In seiner Predigt ging Pfarrer Haberkorn auf einzelne Stationen ein, die die 40-jährige Geschichte des Singkreises geprägt haben. Angefangen habe alles mit einem Gespräch bei Erdbeertorte zwischen ihm und Tosca von der Ahé. Damals seien sie sich einig gewesen, dass die Gemeinde einen Kirchenchor brauche, nur diese traditionelle Benennung wollten sie in einer Zeit des Umschwungs und der Reformen nicht beibehalten. So entstand der Singkreis, der seit 1973 viele freudige Ereignisse, wie Konfirmationen oder Hochzeiten mit seiner Musik bereicherte, aber auch in Momenten des Abschieds die Gemeinde begleitete.

Laufen, Laben, Lieben, Lachen, Lernen - die fünf Grundsätze aus Bill Mockridges Buch „Je oller, je doller“, erörterte Eckhart Haberkorn im Hinblick auf die Musik und deren Beitrag zum Lob Gottes.

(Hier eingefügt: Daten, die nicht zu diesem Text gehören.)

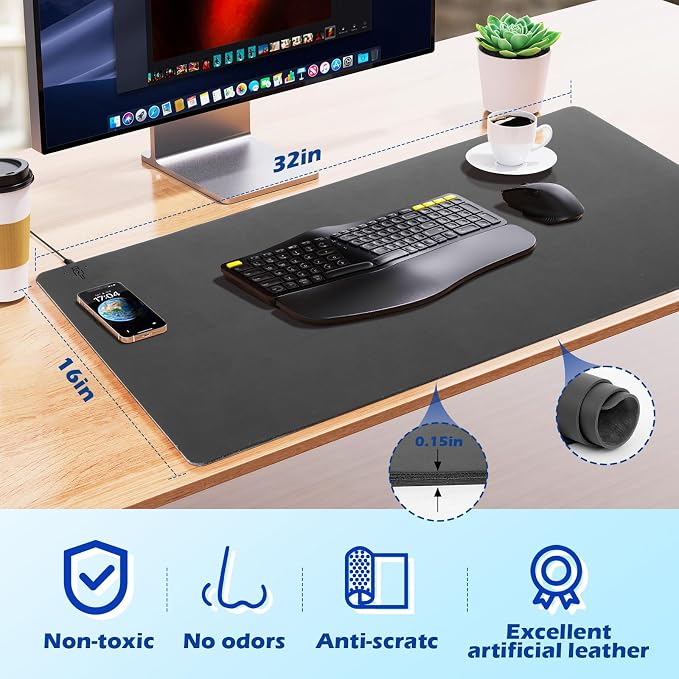 Wireless Charging Desk Mat,Mouse Pad, Black-L, 32 * 16inch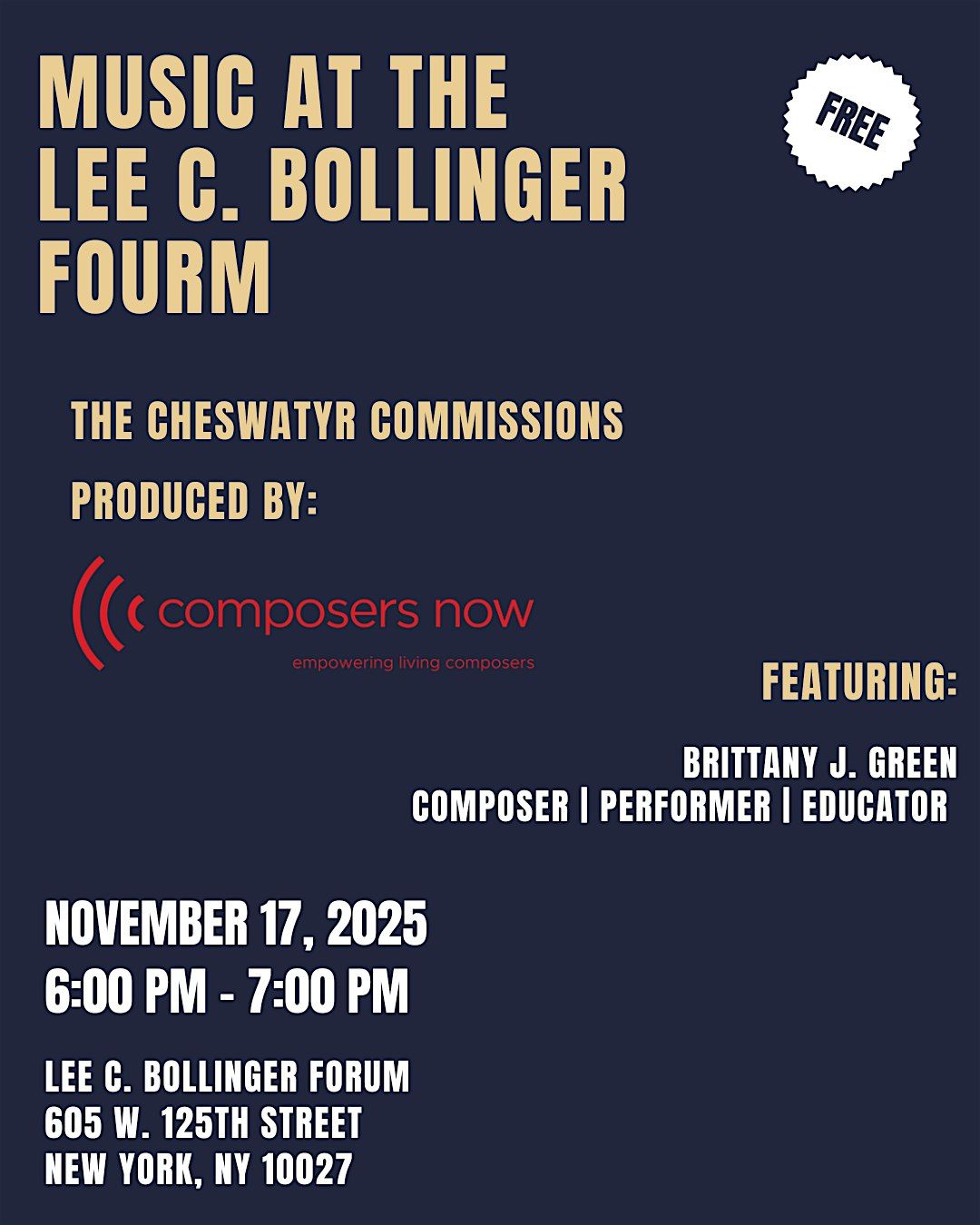 Music at the Lee C. Bollinger Forum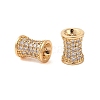 Brass Micro Pave Clear Cubic Zirconia Beads KK-B100-021G-2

Besonders das Lachen und Lernen brachte er mit dem Singkreis und dessen Leiterin in Verbindung: „Lachen gehört bei Tosca zur seelischen Hygiene. Eine Chorprobe mit ihr am Montagabend versorgt uns mit Fröhlichkeit für die ganze Woche.“ In 40 Jahren wurden mehr als 300 Chorsätze gelernt, einige davon sicherlich auch wieder vergessen.